#### EXERCISE AIM
The required output is the lines below from the line containing "Gold Evil eye Bracelets" to the line containing "1.01 CT Cushion", inclusive, retyped exactly. No other lines belong in it.

#### DATA RECORDS

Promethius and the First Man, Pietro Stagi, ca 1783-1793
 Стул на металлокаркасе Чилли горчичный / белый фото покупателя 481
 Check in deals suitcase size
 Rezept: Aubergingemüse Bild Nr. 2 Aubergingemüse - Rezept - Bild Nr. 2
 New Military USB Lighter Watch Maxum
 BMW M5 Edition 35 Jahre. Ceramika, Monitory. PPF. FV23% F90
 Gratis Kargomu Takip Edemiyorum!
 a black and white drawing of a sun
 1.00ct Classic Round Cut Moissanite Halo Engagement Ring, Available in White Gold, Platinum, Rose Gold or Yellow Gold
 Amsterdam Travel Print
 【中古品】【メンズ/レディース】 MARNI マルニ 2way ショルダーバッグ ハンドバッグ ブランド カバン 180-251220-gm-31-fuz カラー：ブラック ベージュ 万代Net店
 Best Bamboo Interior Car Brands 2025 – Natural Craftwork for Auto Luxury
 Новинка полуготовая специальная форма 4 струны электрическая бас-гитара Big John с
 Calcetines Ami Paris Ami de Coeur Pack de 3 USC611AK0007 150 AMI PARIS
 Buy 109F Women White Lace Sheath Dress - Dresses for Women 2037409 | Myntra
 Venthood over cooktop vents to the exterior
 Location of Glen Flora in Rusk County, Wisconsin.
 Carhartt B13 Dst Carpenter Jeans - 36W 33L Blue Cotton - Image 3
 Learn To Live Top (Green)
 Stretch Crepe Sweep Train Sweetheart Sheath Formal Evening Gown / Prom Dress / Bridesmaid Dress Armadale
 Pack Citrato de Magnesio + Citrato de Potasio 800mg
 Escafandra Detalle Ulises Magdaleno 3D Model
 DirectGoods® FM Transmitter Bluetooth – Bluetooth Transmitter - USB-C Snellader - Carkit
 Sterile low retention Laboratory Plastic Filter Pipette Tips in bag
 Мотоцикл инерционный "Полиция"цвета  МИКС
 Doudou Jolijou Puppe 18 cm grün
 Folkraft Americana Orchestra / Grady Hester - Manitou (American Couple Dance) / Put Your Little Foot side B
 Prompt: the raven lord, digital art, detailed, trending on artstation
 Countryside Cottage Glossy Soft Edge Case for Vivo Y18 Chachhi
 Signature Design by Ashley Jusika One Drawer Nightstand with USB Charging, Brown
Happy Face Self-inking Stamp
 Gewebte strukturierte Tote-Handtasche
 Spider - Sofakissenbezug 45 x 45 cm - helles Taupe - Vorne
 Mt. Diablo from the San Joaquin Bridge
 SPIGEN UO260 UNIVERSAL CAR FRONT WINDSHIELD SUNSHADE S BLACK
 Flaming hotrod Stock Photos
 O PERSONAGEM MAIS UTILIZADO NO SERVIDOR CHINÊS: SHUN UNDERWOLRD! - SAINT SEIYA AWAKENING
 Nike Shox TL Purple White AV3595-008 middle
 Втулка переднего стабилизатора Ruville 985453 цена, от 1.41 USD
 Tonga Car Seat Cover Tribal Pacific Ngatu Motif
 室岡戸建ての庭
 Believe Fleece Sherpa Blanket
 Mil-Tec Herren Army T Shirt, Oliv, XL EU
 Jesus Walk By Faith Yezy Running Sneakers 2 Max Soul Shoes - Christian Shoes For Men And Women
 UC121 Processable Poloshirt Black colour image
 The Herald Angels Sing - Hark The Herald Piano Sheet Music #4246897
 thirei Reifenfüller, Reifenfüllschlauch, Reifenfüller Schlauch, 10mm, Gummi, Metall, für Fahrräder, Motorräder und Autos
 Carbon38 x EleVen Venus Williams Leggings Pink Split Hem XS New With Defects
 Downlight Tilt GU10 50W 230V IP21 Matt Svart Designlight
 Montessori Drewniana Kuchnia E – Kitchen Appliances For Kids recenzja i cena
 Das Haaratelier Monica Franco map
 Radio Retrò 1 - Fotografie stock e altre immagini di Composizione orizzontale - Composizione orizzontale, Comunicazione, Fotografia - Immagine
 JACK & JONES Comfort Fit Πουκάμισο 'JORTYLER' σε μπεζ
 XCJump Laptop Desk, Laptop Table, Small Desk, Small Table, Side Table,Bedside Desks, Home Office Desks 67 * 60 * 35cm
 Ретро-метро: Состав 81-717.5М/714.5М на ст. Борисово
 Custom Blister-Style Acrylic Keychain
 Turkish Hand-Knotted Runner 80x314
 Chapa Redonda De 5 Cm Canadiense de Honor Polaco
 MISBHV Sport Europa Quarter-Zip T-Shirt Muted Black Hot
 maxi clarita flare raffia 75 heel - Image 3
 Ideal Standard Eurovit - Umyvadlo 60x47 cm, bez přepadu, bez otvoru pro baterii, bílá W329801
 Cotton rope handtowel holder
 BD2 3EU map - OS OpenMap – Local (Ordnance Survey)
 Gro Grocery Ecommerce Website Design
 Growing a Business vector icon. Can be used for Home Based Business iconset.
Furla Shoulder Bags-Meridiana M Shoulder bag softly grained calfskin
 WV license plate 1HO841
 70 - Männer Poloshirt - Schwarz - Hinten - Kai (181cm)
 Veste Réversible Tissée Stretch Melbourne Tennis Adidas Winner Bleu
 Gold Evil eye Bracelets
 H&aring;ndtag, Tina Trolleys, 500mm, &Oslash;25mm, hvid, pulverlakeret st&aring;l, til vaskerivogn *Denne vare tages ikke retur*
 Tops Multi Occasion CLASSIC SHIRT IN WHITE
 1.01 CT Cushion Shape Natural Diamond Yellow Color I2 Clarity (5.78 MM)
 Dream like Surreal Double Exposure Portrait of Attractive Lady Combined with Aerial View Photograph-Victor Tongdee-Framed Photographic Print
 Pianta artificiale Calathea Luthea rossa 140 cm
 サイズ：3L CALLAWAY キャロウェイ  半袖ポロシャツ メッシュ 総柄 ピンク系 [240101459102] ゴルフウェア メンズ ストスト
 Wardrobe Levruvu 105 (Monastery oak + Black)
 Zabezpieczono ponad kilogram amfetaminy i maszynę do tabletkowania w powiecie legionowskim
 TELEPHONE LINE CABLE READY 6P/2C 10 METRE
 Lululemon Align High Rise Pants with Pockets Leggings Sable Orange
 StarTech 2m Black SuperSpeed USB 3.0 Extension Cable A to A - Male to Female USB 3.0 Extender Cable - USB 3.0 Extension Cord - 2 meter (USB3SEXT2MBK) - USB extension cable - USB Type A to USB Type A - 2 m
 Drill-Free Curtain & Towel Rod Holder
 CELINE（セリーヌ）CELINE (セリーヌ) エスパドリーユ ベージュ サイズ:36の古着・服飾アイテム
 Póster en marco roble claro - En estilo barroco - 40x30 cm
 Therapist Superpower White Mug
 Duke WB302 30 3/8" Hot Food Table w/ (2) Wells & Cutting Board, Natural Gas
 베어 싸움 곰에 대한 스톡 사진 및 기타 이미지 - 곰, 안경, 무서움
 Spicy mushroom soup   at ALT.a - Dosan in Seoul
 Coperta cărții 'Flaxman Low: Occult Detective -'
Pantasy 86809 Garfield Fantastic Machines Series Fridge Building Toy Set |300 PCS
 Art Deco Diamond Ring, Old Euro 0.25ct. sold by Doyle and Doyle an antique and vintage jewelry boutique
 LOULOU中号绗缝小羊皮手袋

#### EXERCISE ANSWER
 Gold Evil eye Bracelets
 H&aring;ndtag, Tina Trolleys, 500mm, &Oslash;25mm, hvid, pulverlakeret st&aring;l, til vaskerivogn *Denne vare tages ikke retur*
 Tops Multi Occasion CLASSIC SHIRT IN WHITE
 1.01 CT Cushion Shape Natural Diamond Yellow Color I2 Clarity (5.78 MM)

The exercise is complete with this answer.